Replica sizing should compare scale-up and scale-out. TP8 may fit the model but offer fewer total tokens per GPU than two TP4 replicas. The right answer depends on memory, queueing, batch efficiency, and whether one replica meets the largest request.
Failure domains are wider than one pod. If any rank fails, the TP replica usually fails. Readiness should be collective, draining should stop new admission across all ranks, and restart policy should avoid partial zombie groups.
Design-review questions
- What is the smallest TP degree that fits the worst request?
- Are all ranks inside the intended fabric domain?
- How does throughput per GPU change with TP degree?
- What happens to in-flight requests when one rank fails?
- Would more replicas beat a wider TP group?
How it connects to the rest of the series
Pipeline parallelism splits depth instead of tensors. Sequence parallelism reduces replicated activations around TP. Expert parallelism distributes MoE experts and adds all-to-all traffic.
From equation to implementation
Column parallelism computes Y_i = X A_i for column shards A_i, leaving output features sharded. Row parallelism consumes input shards X_i and computes partial X_i B_i, then sums across ranks. Alternating these patterns reduces unnecessary gathers inside a transformer block.

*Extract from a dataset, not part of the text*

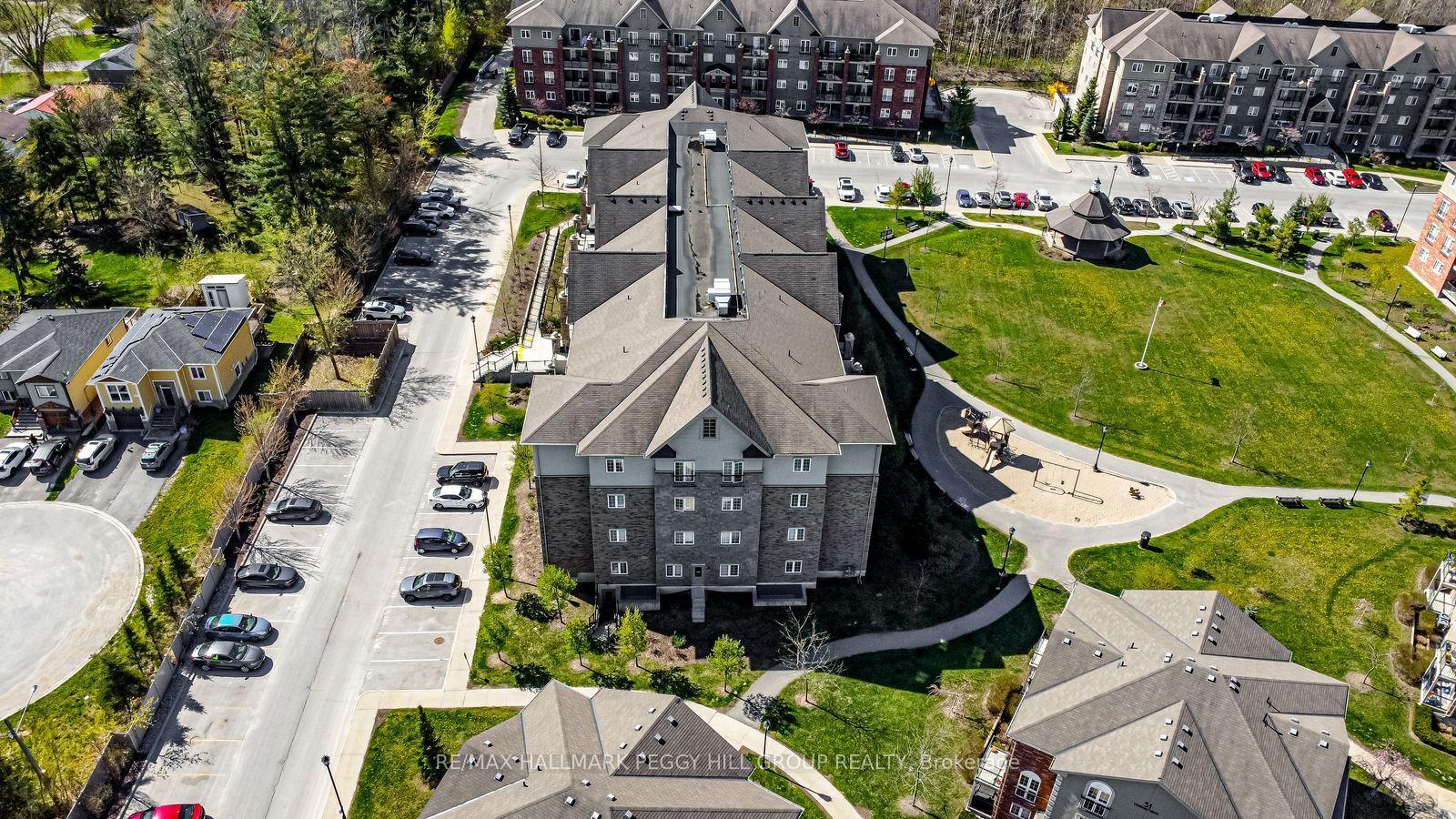 45 Ferndale Drive S 305, Barrie, ON L4N 5W7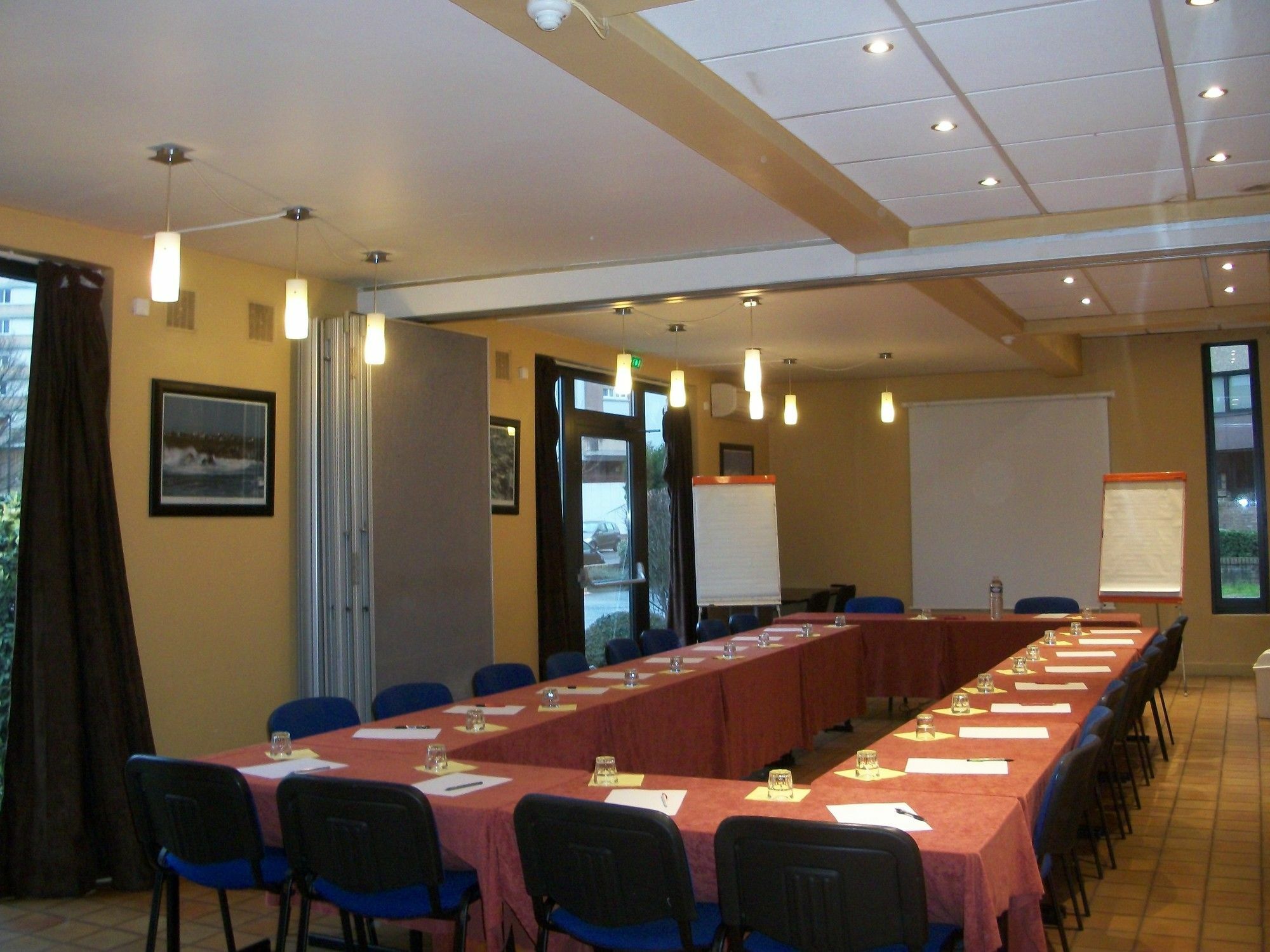 Central Hotel Créteil Eksteriør billede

Collective cost follows topology and message size. Ring all-reduce roughly transfers 2(N-1)/N times the tensor bytes per rank, plus latency across steps. Tree or NVSwitch algorithms differ. The critical point is that decode repeats these collectives for every layer and token.
Implementation sketch
initialize_tp_group(ranks_on_same_nvlink_domain)
for transformer_layer:
qkv_shards = column_parallel_linear(hidden)
attention_shard = local_attention(qkv_shards)
hidden = row_parallel_linear_and_all_reduce(attention_shard)
mlp_shards = column_parallel_linear(hidden)
hidden = row_parallel_linear_and_all_reduce(mlp_shards)Capacity planning
Choose TP primarily to fit weights, KV shards, and workspace, then test the next smaller and larger degrees. More TP reduces bytes per rank but may shrink GEMMs below efficient tile sizes and add ranks to every collective.
Benchmarking without fooling yourself
- Pin rank placement and record the exact topology.
- Test batch-one decode and realistic continuous batches.
- Capture NCCL traces and per-rank kernel gaps.
- Report tokens per second per GPU, not aggregate alone.
A production failure to design for
A Kubernetes reschedule places half of a TP group across a slower inter-node link. The model remains healthy, but TPOT triples and collective time dominates. Enforce topology constraints and expose TP-group locality in readiness checks.
Primary references
The takeaway
Tensor parallelism buys memory and compute with communication. The winning configuration is the smallest TP degree that fits and performs well on the actual topology.